The dead included seven students, two police officers and a security guard, according to Interior Ministry spokesman Sediq Sediqqi. No group has yet claimed responsibility for the assault but suspicion is likely to fall on the Taliban.
Taliban spokesman Zabihullah Mujahid would only tell the media that the group is “investigating.”
“Most of the dead were killed by gunshots near the windows of their classrooms,” Sediqqi said. At least 37 people were wounded, he said, including seven police officers.
The assault began just before 7 p.m. Wednesday with a suicide car bombing at the university’s entrance that breached the security walls and allowed two “terrorists” to enter the campus, he said.
They were armed with grenades and automatic weapons. The siege of the university lasted almost nine hours, before police killed the two assailants around 3:30 am, he said.
More than 150 students who had been trapped in university buildings had been rescued by special police units.
Earlier, the Kabul police chief Abdul Rahman Rahimi said one foreign teacher was among the wounded.
The university, located on the edge of Kabul, was established in 2006 to offer liberal arts courses modeled on the U.S. system, and has more than 1,000 students currently enrolled.
University authorities could not immediately be reached for comment.
Dejan Panic, the program director at Kabul’s Emergency Hospital, said 18 people wounded in the attack, including five women, had been admitted. He said three were “seriously” wounded, probably from automatic gunfire.
AP photographer Massoud Hossaini was in a classroom with 15 students when he heard an explosion on the southern flank of the campus.
“I went to the window to see what was going on, and I saw a person in normal clothes outside.

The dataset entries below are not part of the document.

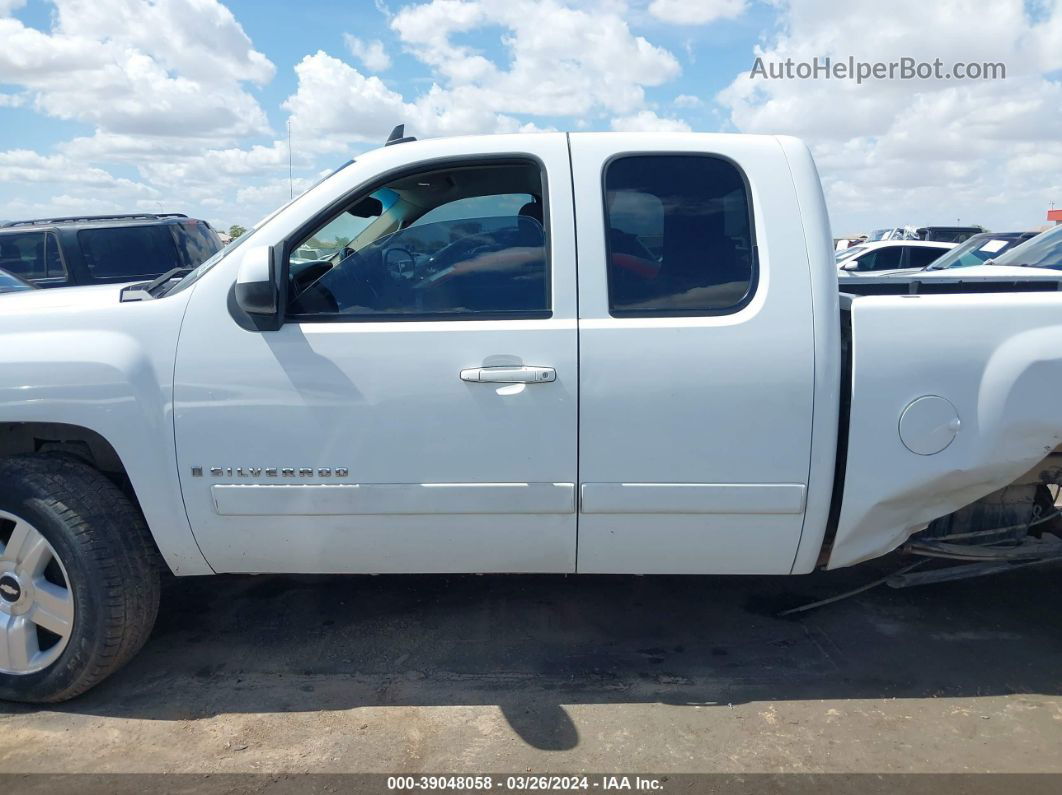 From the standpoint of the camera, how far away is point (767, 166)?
2.95 metres

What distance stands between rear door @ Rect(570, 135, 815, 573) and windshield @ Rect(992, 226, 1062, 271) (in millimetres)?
4540

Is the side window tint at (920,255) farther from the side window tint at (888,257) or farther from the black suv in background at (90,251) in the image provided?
the black suv in background at (90,251)

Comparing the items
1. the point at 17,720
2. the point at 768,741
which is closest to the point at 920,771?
the point at 768,741

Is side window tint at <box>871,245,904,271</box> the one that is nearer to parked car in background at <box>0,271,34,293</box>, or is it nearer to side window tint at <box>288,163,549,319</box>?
parked car in background at <box>0,271,34,293</box>

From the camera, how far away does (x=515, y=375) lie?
2.79 m

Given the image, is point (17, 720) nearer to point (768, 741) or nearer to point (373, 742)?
point (373, 742)

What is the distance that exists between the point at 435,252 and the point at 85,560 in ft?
5.34

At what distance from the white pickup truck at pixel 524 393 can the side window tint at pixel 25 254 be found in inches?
272

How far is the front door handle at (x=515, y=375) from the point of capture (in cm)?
279

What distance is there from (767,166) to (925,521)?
4.62 feet

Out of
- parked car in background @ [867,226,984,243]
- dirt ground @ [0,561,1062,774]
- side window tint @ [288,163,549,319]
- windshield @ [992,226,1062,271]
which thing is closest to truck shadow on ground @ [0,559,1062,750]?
dirt ground @ [0,561,1062,774]

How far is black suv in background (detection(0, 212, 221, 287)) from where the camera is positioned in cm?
891

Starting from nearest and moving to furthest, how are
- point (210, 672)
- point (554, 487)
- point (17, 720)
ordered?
1. point (554, 487)
2. point (17, 720)
3. point (210, 672) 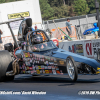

He shot at me and shattered the glass,” Hossaini said, adding that he fell on the glass and cut his hands.
The students then barricaded themselves inside the classroom, pushing chairs and desks against the door, and staying on the floor. Hossaini said at least two grenades were thrown into the classroom, wounding several of his classmates.
Hossaini and about nine students later managed to escape from the campus through an emergency gate.
“As we were running, I saw someone lying on the ground face down, they looked like they had been shot in the back,” he said.
Hossaini and the other students took refuge in a residential house near the campus, and were later safely evacuated by Afghan security forces.
The Pentagon said U.S. military advisers were on the ground with Afghan security forces at the university. Spokesman Adam Stump said the forces had been embedded with the Afghan units.
The attack on AUAF comes two weeks after two university staff, an American and an Australian, were kidnapped from their car by unknown gunmen. Their whereabouts are still unknown.
The U.S. State Department condemned what it called “an attack on the future of Afghanistan.”
The Taliban have been fighting to overthrow the Kabul government for 15 years, and regard foreign civilians as legitimate targets.